POMONA, Calif. (KABC) -- While visiting the emergency shelter at the Pomona Fairplex Friday, Health and Human Services Secretary Xavier Becerra said there are currently more than 14,000 children identified as unaccompanied minors who remain under the care of HHS throughout the U.S.

"Now that we have been able to stand up these emergency intake sites, in the process of actually beginning to wind some of them down, demobilizing many of them, because we've been able to increase the pace at which we are able to discharge some of these children into the hands of responsible vetted, custodians," Becerra said.

Becerra toured the Pomona shelter where he says there are currently just over 1,300 children.

When discussing the vetting that takes place before a child can leave one of the shelters, Becerra said it is a difficult process because "we do everything we can" to ensure the child is taken care of by the guardian.

In a recent report out of the largest facility at Fort Bliss, one federal volunteer said paramedics were regularly called to treat children suffering from panic attacks, often after other children left to be reunited with loved ones.
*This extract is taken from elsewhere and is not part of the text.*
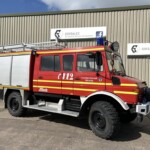 Mercedes Unimog U1300L Crew Cab 4x4 Fire Engine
RELATED: 916 migrant children at Long Beach Convention Center now reunited with family, mayor says

At least 800 migrant children who were housed at the Long Beach Convention Center have been reunited with family members and only 100 now remain, officials say.

While HHS just did not comment on the report, the department stated it was expanding recreation space and mental health support.

On Friday, officials thanked volunteers and contractors who are providing services in Pomona.

"There are groups like Alma Family Services who came in right away," said Los Angeles County Board of Supervisors Chair Hilda Solis. "We asked them, 'Please come in, because you have the the specific technical expertise to talk in the language that is most conducive for these children.'"

Most of the children in Pomona are teens. More than half are from Guatemala, about 30% from Honduras and 15% from El Salvador.

Officials report more than 1,100 reunifications from the site.